* [Prompt]: Line by line, output the entries below exactly as they appear.

* [Data excerpts]:
⟨
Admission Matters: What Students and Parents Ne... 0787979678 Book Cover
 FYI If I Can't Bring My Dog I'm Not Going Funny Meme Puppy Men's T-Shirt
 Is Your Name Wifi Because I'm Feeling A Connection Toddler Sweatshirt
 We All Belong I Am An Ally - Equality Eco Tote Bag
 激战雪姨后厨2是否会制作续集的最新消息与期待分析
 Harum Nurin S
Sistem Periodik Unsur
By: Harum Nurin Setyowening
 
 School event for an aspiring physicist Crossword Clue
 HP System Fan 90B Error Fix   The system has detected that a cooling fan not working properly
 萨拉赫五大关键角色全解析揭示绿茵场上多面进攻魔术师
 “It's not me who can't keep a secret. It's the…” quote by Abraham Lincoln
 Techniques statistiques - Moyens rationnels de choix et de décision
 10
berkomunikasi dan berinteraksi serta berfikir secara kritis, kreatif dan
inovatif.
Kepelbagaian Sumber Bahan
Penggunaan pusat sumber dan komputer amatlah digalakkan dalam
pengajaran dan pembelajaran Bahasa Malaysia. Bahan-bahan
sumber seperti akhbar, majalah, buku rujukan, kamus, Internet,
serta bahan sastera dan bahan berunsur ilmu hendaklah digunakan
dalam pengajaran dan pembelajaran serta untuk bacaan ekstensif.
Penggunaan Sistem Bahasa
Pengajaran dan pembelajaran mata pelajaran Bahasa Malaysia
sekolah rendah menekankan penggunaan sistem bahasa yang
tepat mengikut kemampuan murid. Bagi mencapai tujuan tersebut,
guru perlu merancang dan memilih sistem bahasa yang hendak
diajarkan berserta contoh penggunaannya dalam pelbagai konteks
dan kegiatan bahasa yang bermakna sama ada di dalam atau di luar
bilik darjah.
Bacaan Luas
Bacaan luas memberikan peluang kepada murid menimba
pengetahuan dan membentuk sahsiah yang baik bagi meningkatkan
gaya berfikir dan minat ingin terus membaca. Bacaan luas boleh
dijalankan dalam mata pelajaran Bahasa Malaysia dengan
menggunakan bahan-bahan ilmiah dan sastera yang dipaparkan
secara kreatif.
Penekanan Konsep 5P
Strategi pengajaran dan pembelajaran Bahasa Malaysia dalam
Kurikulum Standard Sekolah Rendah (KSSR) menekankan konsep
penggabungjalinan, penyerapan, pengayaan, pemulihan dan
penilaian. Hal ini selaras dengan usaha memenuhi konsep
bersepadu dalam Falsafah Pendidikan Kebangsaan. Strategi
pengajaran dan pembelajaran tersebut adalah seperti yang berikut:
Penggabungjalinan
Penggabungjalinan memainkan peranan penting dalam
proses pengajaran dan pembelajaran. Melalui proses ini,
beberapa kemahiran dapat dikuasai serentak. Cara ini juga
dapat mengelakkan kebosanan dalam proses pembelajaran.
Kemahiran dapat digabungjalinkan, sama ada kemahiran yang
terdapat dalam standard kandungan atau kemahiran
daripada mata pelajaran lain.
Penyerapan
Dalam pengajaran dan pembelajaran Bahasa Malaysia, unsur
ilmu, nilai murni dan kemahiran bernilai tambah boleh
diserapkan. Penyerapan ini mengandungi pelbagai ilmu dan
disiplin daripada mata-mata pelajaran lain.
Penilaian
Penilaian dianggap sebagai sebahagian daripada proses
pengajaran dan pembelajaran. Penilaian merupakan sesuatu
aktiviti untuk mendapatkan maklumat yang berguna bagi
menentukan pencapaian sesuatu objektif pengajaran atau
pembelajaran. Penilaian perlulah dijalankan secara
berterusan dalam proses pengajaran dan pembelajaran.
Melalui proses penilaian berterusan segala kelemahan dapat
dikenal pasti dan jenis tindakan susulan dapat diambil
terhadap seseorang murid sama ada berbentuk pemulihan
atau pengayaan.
⟩
* [Output for this task]:
Admission Matters: What Students and Parents Ne... 0787979678 Book Cover
 FYI If I Can't Bring My Dog I'm Not Going Funny Meme Puppy Men's T-Shirt
 Is Your Name Wifi Because I'm Feeling A Connection Toddler Sweatshirt
 We All Belong I Am An Ally - Equality Eco Tote Bag
 激战雪姨后厨2是否会制作续集的最新消息与期待分析
 Harum Nurin S
Sistem Periodik Unsur
By: Harum Nurin Setyowening
 
 School event for an aspiring physicist Crossword Clue
 HP System Fan 90B Error Fix   The system has detected that a cooling fan not working properly
 萨拉赫五大关键角色全解析揭示绿茵场上多面进攻魔术师
 “It's not me who can't keep a secret. It's the…” quote by Abraham Lincoln
 Techniques statistiques - Moyens rationnels de choix et de décision
 10
berkomunikasi dan berinteraksi serta berfikir secara kritis, kreatif dan
inovatif.
Kepelbagaian Sumber Bahan
Penggunaan pusat sumber dan komputer amatlah digalakkan dalam
pengajaran dan pembelajaran Bahasa Malaysia. Bahan-bahan
sumber seperti akhbar, majalah, buku rujukan, kamus, Internet,
serta bahan sastera dan bahan berunsur ilmu hendaklah digunakan
dalam pengajaran dan pembelajaran serta untuk bacaan ekstensif.
Penggunaan Sistem Bahasa
Pengajaran dan pembelajaran mata pelajaran Bahasa Malaysia
sekolah rendah menekankan penggunaan sistem bahasa yang
tepat mengikut kemampuan murid. Bagi mencapai tujuan tersebut,
guru perlu merancang dan memilih sistem bahasa yang hendak
diajarkan berserta contoh penggunaannya dalam pelbagai konteks
dan kegiatan bahasa yang bermakna sama ada di dalam atau di luar
bilik darjah.
Bacaan Luas
Bacaan luas memberikan peluang kepada murid menimba
pengetahuan dan membentuk sahsiah yang baik bagi meningkatkan
gaya berfikir dan minat ingin terus membaca. Bacaan luas boleh
dijalankan dalam mata pelajaran Bahasa Malaysia dengan
menggunakan bahan-bahan ilmiah dan sastera yang dipaparkan
secara kreatif.
Penekanan Konsep 5P
Strategi pengajaran dan pembelajaran Bahasa Malaysia dalam
Kurikulum Standard Sekolah Rendah (KSSR) menekankan konsep
penggabungjalinan, penyerapan, pengayaan, pemulihan dan
penilaian. Hal ini selaras dengan usaha memenuhi konsep
bersepadu dalam Falsafah Pendidikan Kebangsaan. Strategi
pengajaran dan pembelajaran tersebut adalah seperti yang berikut:
Penggabungjalinan
Penggabungjalinan memainkan peranan penting dalam
proses pengajaran dan pembelajaran. Melalui proses ini,
beberapa kemahiran dapat dikuasai serentak. Cara ini juga
dapat mengelakkan kebosanan dalam proses pembelajaran.
Kemahiran dapat digabungjalinkan, sama ada kemahiran yang
terdapat dalam standard kandungan atau kemahiran
daripada mata pelajaran lain.
Penyerapan
Dalam pengajaran dan pembelajaran Bahasa Malaysia, unsur
ilmu, nilai murni dan kemahiran bernilai tambah boleh
diserapkan. Penyerapan ini mengandungi pelbagai ilmu dan
disiplin daripada mata-mata pelajaran lain.
Penilaian
Penilaian dianggap sebagai sebahagian daripada proses
pengajaran dan pembelajaran. Penilaian merupakan sesuatu
aktiviti untuk mendapatkan maklumat yang berguna bagi
menentukan pencapaian sesuatu objektif pengajaran atau
pembelajaran. Penilaian perlulah dijalankan secara
berterusan dalam proses pengajaran dan pembelajaran.
Melalui proses penilaian berterusan segala kelemahan dapat
dikenal pasti dan jenis tindakan susulan dapat diambil
terhadap seseorang murid sama ada berbentuk pemulihan
atau pengayaan.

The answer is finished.